Arkansas: Digital Responsibility and Data Safety
In Arkansas, the Digital Responsibility, Safety and Trust Act would add a chapter to state consumer protection codes, requiring organizations, businesses and their affiliates to steward users’ private and personal data. The act covers textual information, and artificial intelligence (AI) and biometric data.
Arkansas would join at least 20 states that have passed consumer privacy laws, with California being the first in 2018. Several of these laws will take effect this year. State Senate Bill 258, co-sponsored by state Sen. Clint Penzo and Rep. Stephen Meeks, is under review by the Senate Transportation, Technology and Legislative Affairs Committee.

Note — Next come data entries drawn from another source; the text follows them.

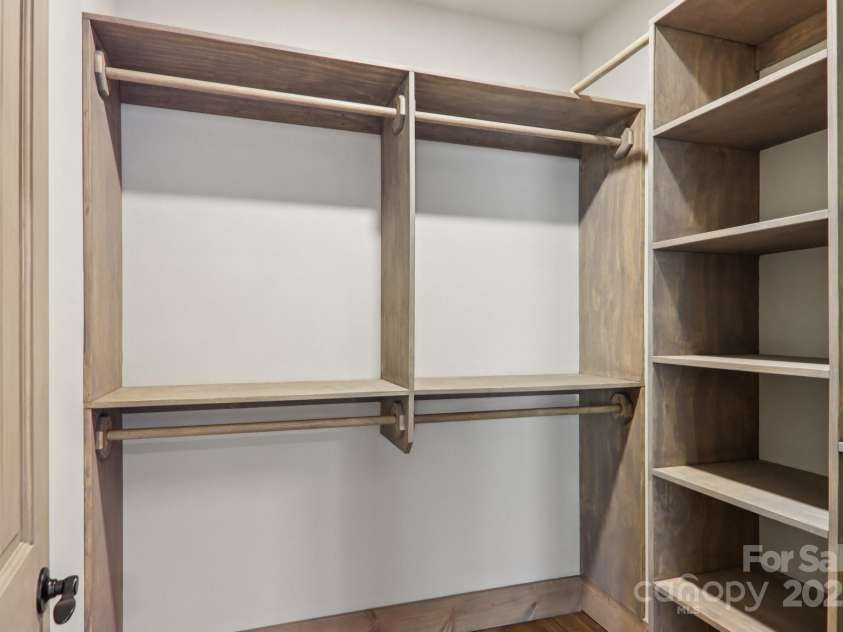 102 Iga Trail, Maggie Valley, NC 28751.  MLS# CAR4331982, YatesRealty ID 1780. 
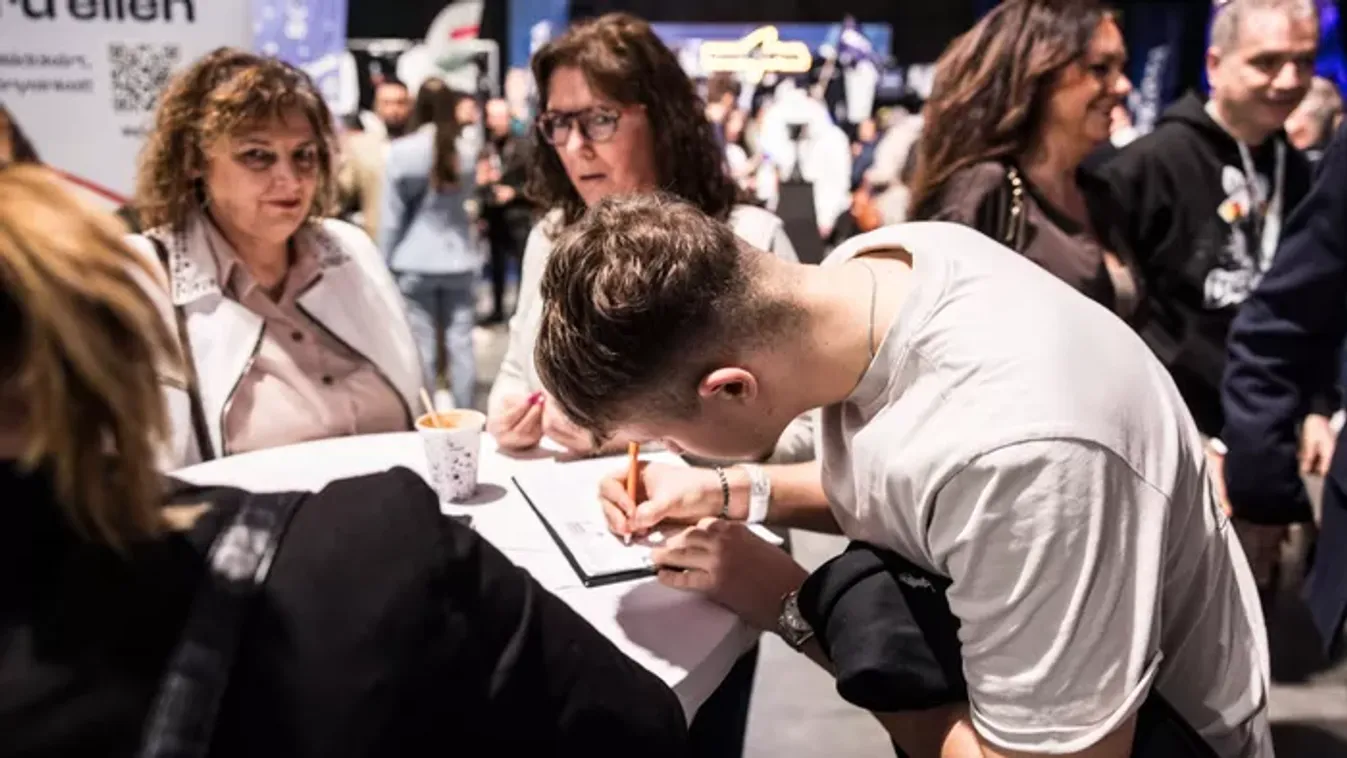 Nem hiszed el, mit üzent Orbán Viktor a debrecenieknek – fotó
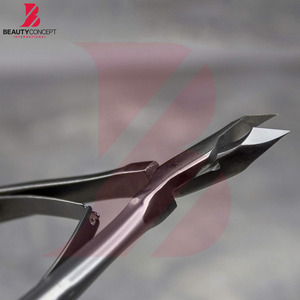 Coupe-ongles de qualité supérieure, finition mate, en acier inoxydable, avec poignée ergonomique, pour usage en salon. - Product Image 5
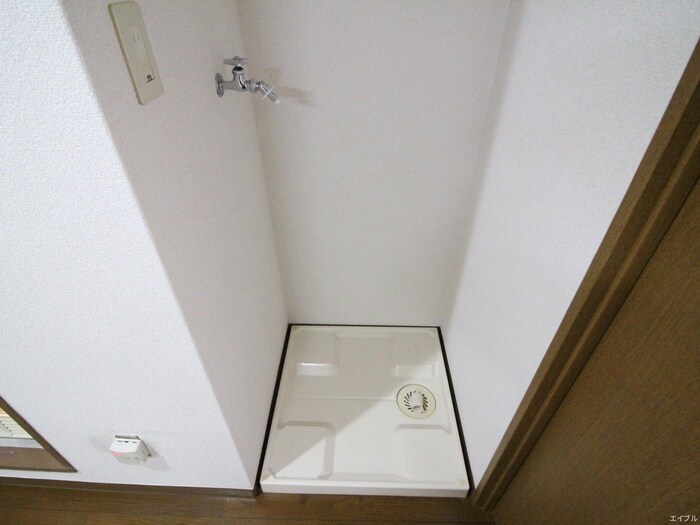 物件内観写真11　(洗濯機置場)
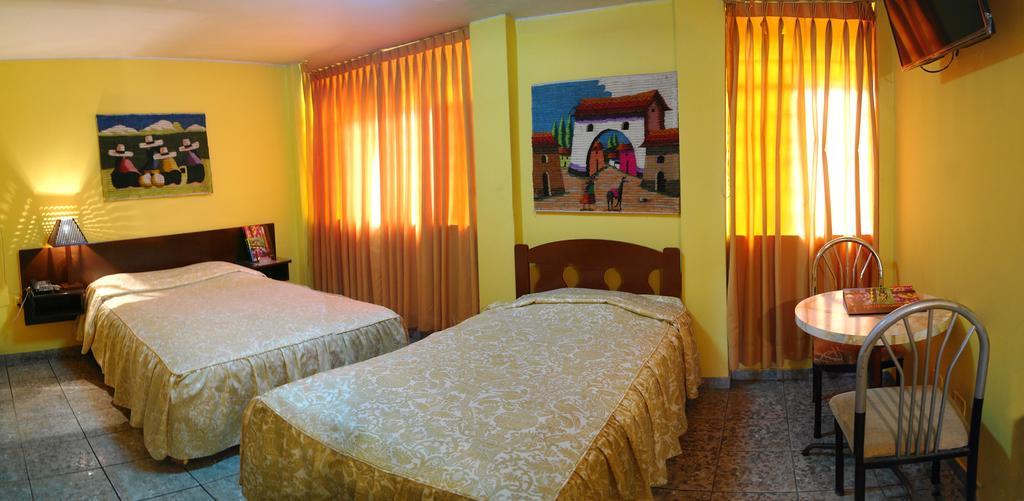 Hostal Iquique Лима Екстериор снимка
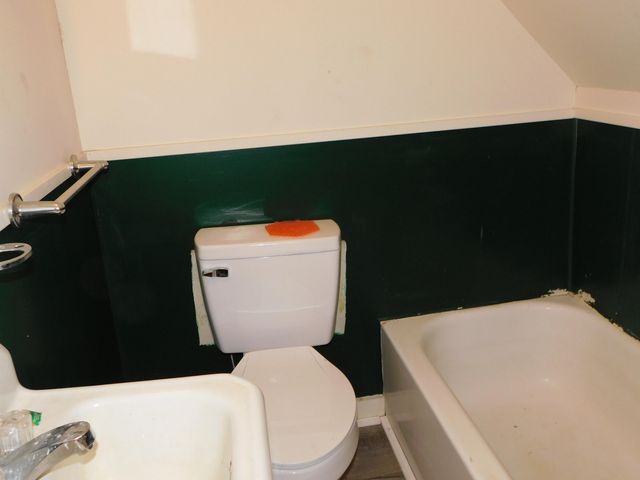 405 N First St., Collins, MS 39428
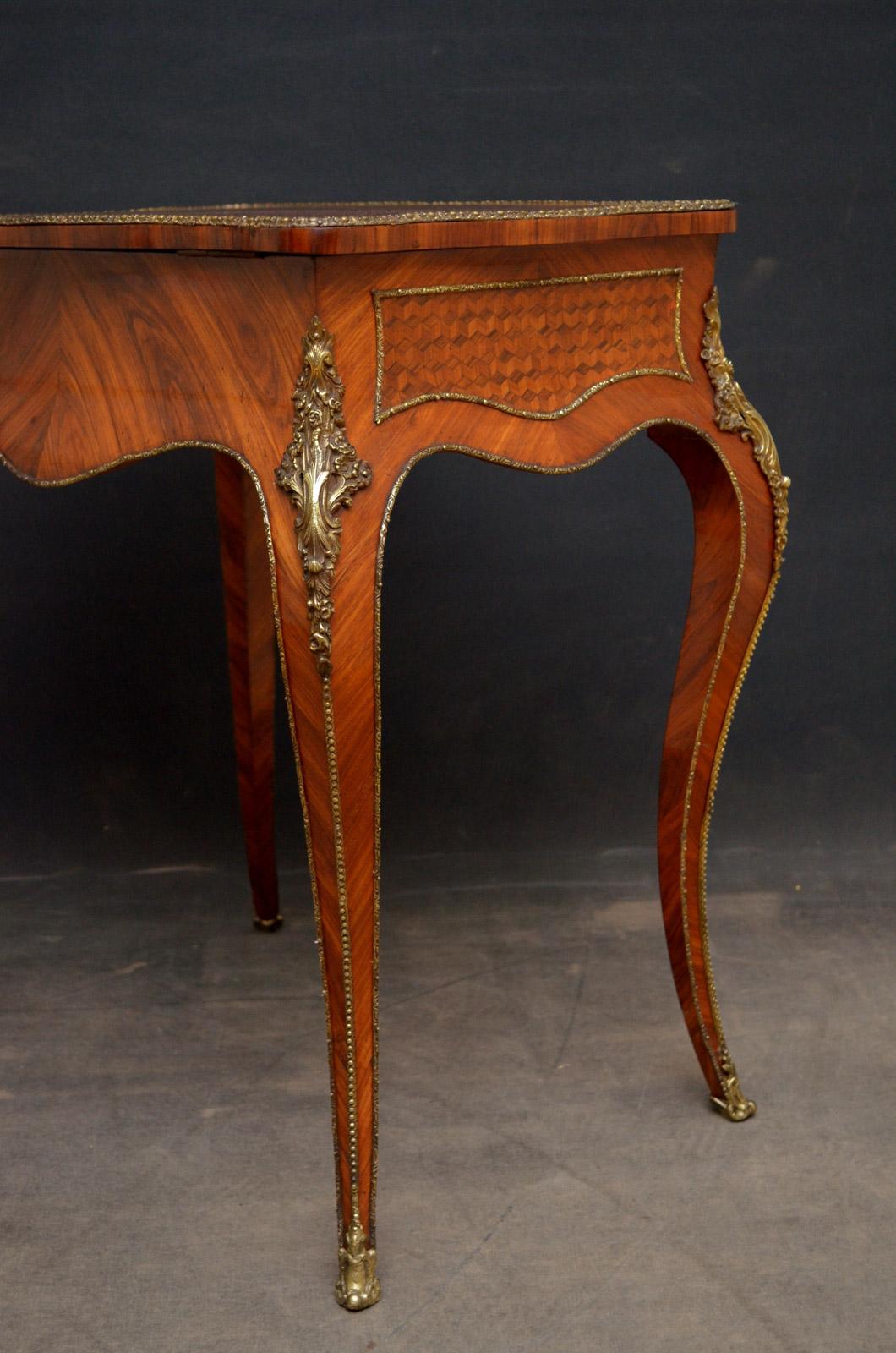 Exceptional Louis XV Design Kingwood Dressing Table For Sale 7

It would require consumers consent to the sale of their data, and mandate stringent data management guidelines for businesses. The act includes numerous safeguards around biometrics, such as requiring consent, disclosure and retention policies.
The bill requires developers of so-called “high-risk” artificial intelligence to exercise “reasonable care” to protect consumers from algorithmic discrimination, and also guards consumers against machine learning bias. And it delves into “dark patterns” — tactics that entrap end users into making purchases, giving away unnecessary data and which make it difficult to end subscriptions. Enforcement would fall to the state attorney general.
Texas: Water Utility Cybersecurity
In Texas, state Senate Bill 1034 would make so-called “retail” public utilities eligible for cybersecurity services from the state Department of Information Resources.
Notably, the bill would tighten cybersecurity for these utilities, barring their “supervisory control and data acquisition systems” from accessing the Internet and requiring them to connect only via intranet or site-to-site virtual private networks. It would set stricter identification requirements for employees accessing systems; implement mandatory cybersecurity training; mandate incident reporting within 48 hours; and could require cyber audits and assessments.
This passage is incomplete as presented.